Exercise aim
Please repeat the whole listing exactly, but leave the pictures out.

Information shown

::::

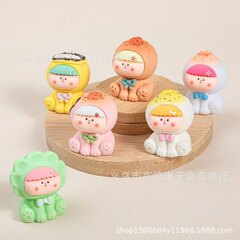 手感漆早餐莉莉丝diy 树脂饰品配件桌面车载摆件对对碰钥匙扣批发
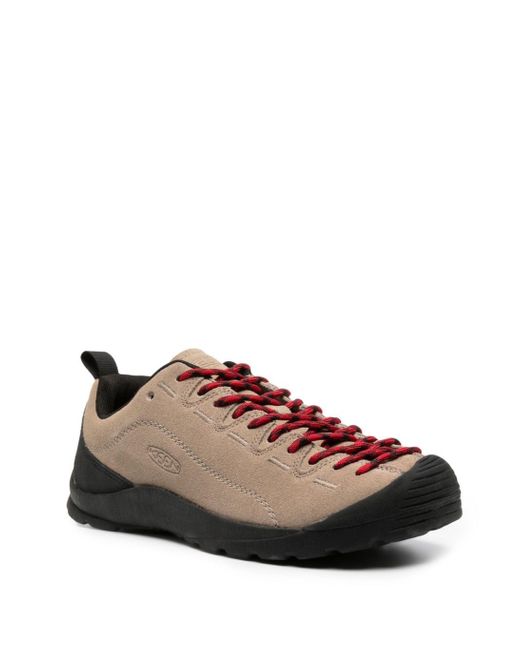 Keen Brown Suede Lace-Up Sneakers for men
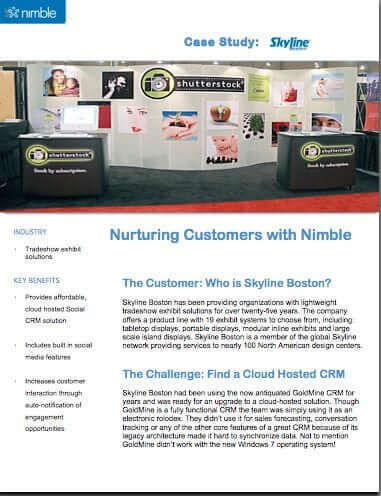 Nimble CRM and Skyline Boston case study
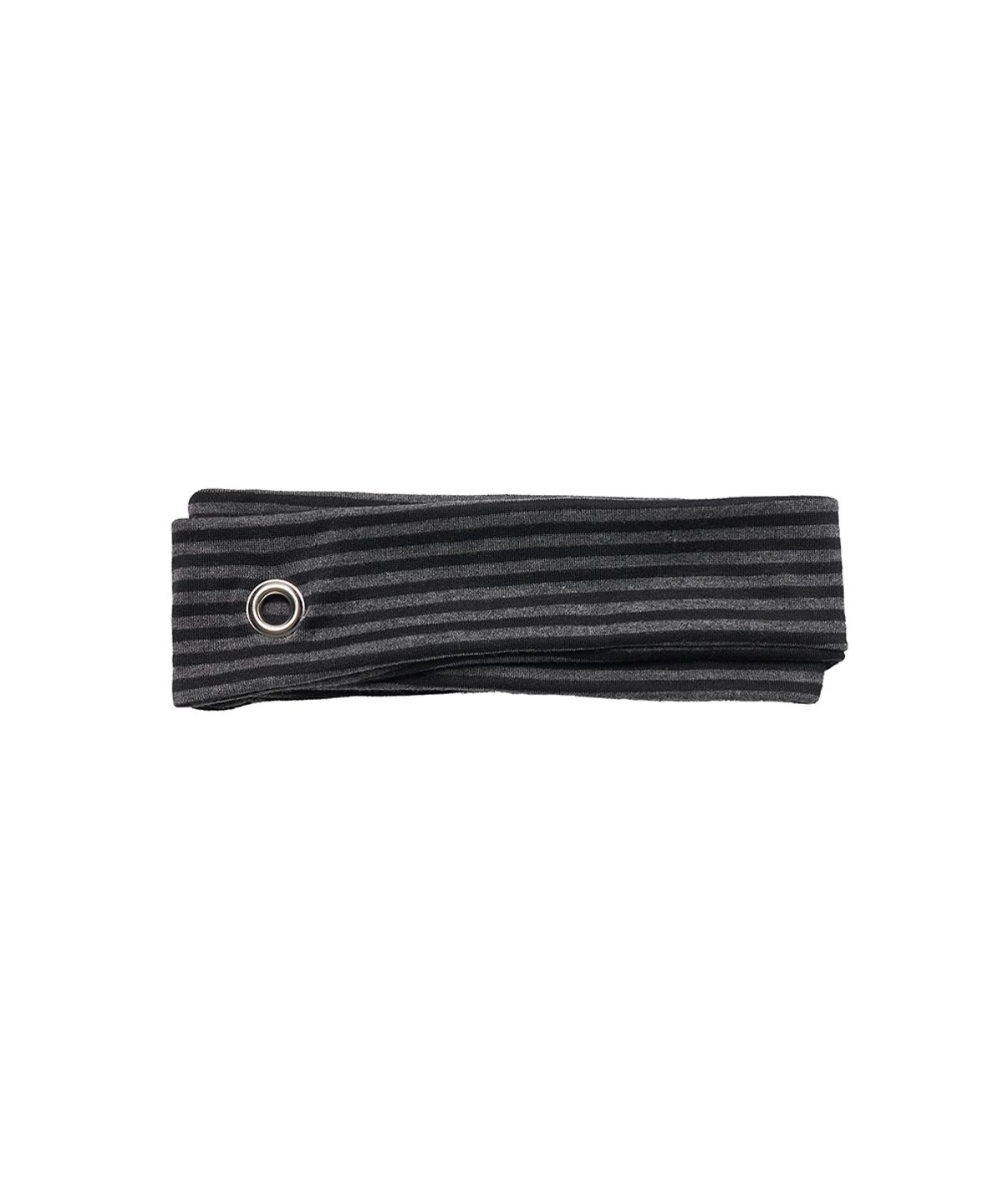 로타입(ROUGHTYPE) Double Stripe Hairband - Black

::::

Completed exercise
 手感漆早餐莉莉丝diy 树脂饰品配件桌面车载摆件对对碰钥匙扣批发
 Keen Brown Suede Lace-Up Sneakers for men
 Nimble CRM and Skyline Boston case study
 로타입(ROUGHTYPE) Double Stripe Hairband - Black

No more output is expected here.